Pakistan claims it foiled Islamic State expansion into country

Pakistan claims it foiled Islamic State expansion into country

PanARMENIAN.Net - Pakistan's military on Thursday, September 1 said it has crushed Islamic State's attempt to expand there, dismissing as propaganda claims by the Middle East-based Islamist militants that they had carried out a major bombing last month, Reuters reports.

The comments were, however, a rare acknowledgment by a senior Pakistani official that Islamic State, mainly based in Syria and Iraq, has had any active presence in a country that is home to myriad militant groups including the Afghan and Pakistan Taliban, al Qaeda and the Haqqani network.

Lieutenant General Asim Bajwa, the military's top spokesman, also rejected U.S. complaints that it was not acting against the Haqqani network, suspected of carrying out suicide bomb attacks in Kabul, saying Pakistan was pursuing an "indiscriminate operation" against all militants.
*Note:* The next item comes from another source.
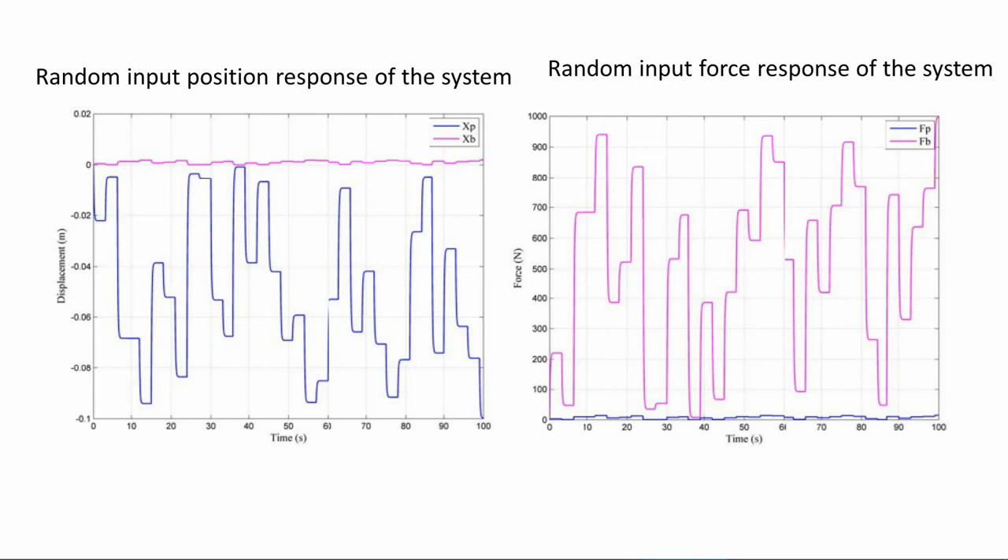The simulation results showed the performance of the model brake-by-wire system. The system response was simulated for step, ramp, and random inputs. The force amplification capability was evaluated using frequency response. In conclusion, the proposed brake-by-wire system was simulated to demonstrate applicability. The simulation results show force amplification capabilities and pedal reaction capability, with good stability and performance in the force range.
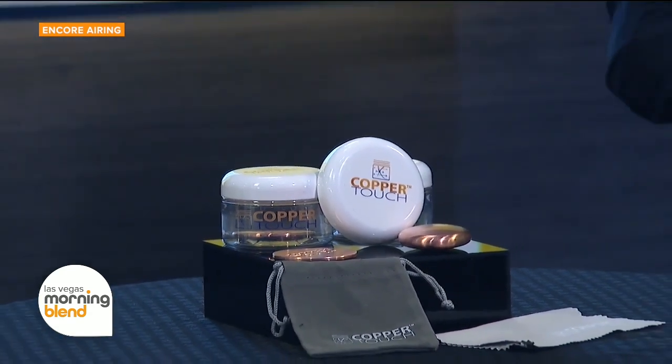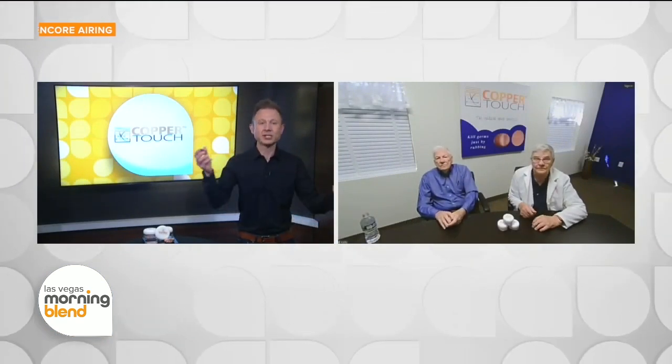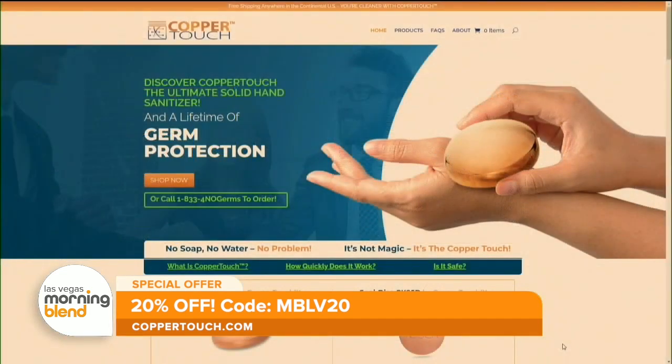That's a very interesting point. There are so many different ways that you can utilize this. Hand sanitizer can be messy — this fits right in your pocket. Guys, thank you for your time this morning. It's a really fascinating alternative. To learn more about Copper Touch and receive 20% off products, visit coppertouch.com.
Pakistani authorities have so far arrested 309 people associated with Islamic State (IS) on its territory, he said. They were involved in attacks on media and security personnel, and were planning attacks on government, diplomatic and civilian targets, he added.
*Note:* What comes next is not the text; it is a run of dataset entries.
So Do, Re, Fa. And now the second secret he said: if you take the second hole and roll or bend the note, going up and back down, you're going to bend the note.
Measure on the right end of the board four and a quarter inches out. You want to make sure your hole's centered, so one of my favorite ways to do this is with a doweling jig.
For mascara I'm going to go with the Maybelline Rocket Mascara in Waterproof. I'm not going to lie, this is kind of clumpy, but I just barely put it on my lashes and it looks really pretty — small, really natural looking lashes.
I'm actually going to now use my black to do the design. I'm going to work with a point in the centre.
"They tried to make an ingress, and they failed and they have been apprehended so far," Bajwa said.

Most of those captured by Pakistan were established Pakistani jihadists who had switched loyalties to Islamic State's self-proclaimed worldwide caliphate, but about 25 were foreigners including Afghans and some Syrians, he said.

Bajwa said that of a core group of 20 organizers, "we have captured all of them, except for one who I am sure is not in Pakistan".
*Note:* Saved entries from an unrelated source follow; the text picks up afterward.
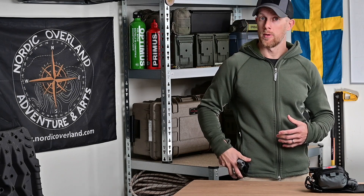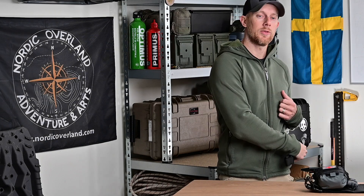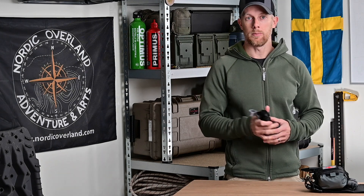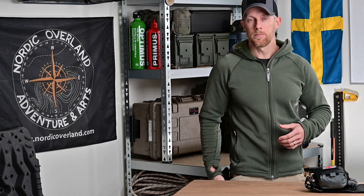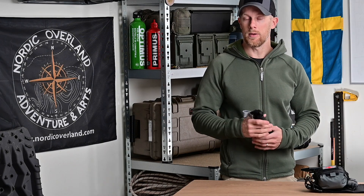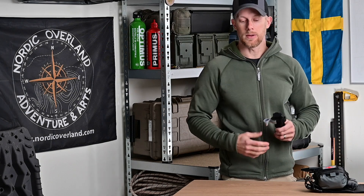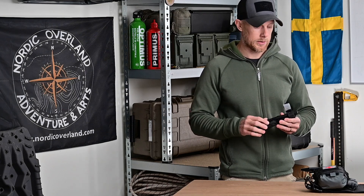Det här traumakittet sitter alltid på utsidan av mitt vänstra lår, och då vill jag ha en toniké som jag lätt kan komma åt med andra handen. Även om jag kan nå den tämligen enkelt med motsatt hand, vill jag ändå ha en toniké någon annanstans på kroppen där jag lättare kan komma åt den. Det innebär antingen en benficka på högerben, en jackficka eller i vissa fall en ärmficka.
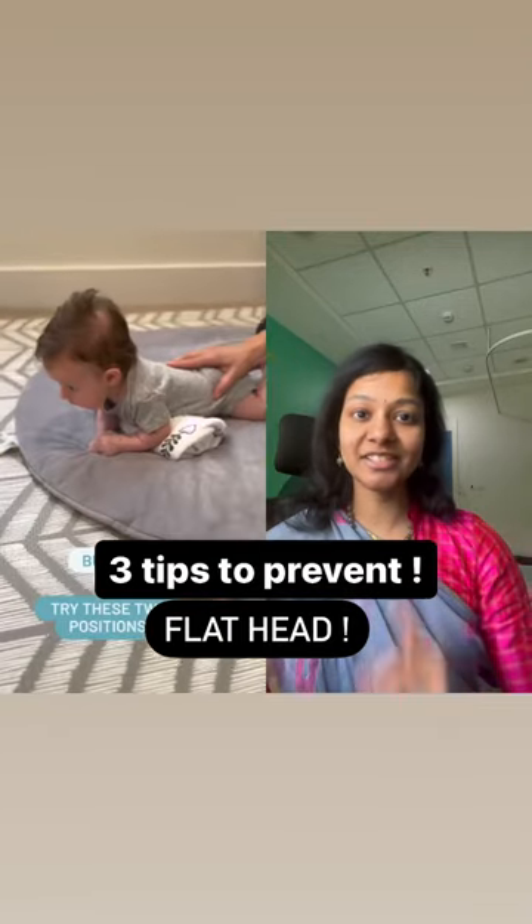Three tips to prevent flat head in your child. First, tummy time. This also helps to strengthen the neck muscles.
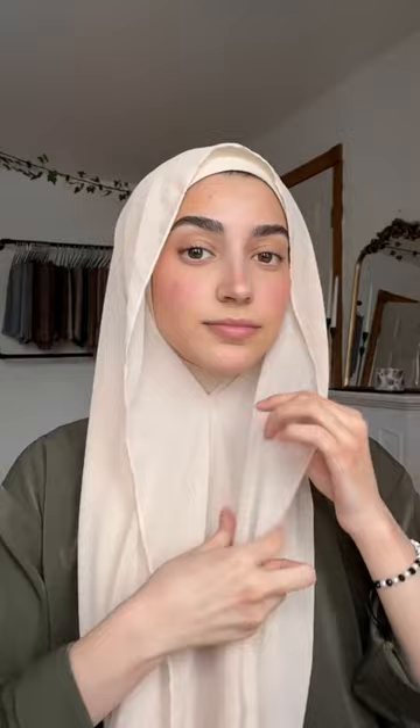The second one is definitely ditch the pins and get a good set of magnets. They will hold your hijab in place all day, and unlike pins they won't ruin your hijab or cause holes in them.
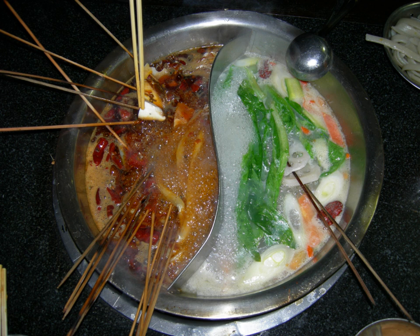Customers keep the used wooden sticks by their plates, and when a customer finishes eating, the price to pay is determined by counting the number of empty sticks.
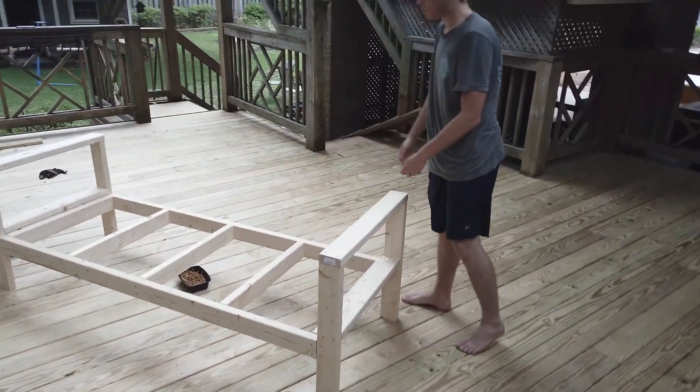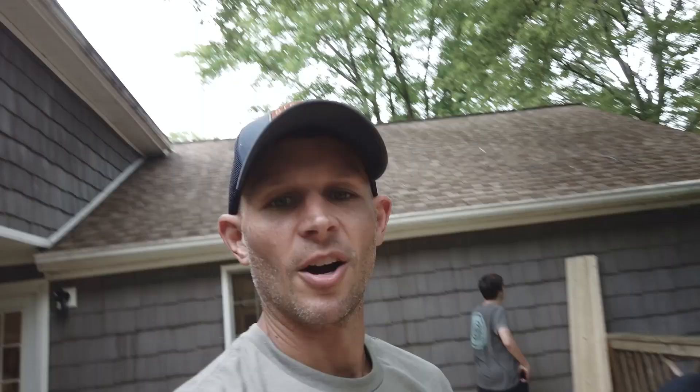Look at that — is it a couch? Is it a twin bed? Okay, it's the home stretch. The frame is completely assembled, armrests are on. Now the slats, and then we hand it over to Michelle — she can sand it, paint it, whatever. It's going to be great. And then cushions, but we'll probably just get those from somewhere.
He said IS fighters were still present in the Afghan provinces of Nangarhar, Khost and Kunar, which lie along the border with Pakistan.

The movement's leader for Afghanistan and Pakistan, Hafiz Saeed Khan, was killed last month by a U.S. drone strike in eastern Afghanistan.

International concern that Islamic State was establishing an operational presence in Pakistan increased after the group said it carried out a suicide bombing at a hospital in the city of Quetta that killed more than 70 people.

However, a breakaway faction of the Pakistani Taliban also claimed the hospital bombing and Bajwa said he believed the Islamic State statement was false.

"We haven't got any evidence of involvement by Daesh. I think this was just an attempt to glorify themselves," he said, using the name by which IS is also known.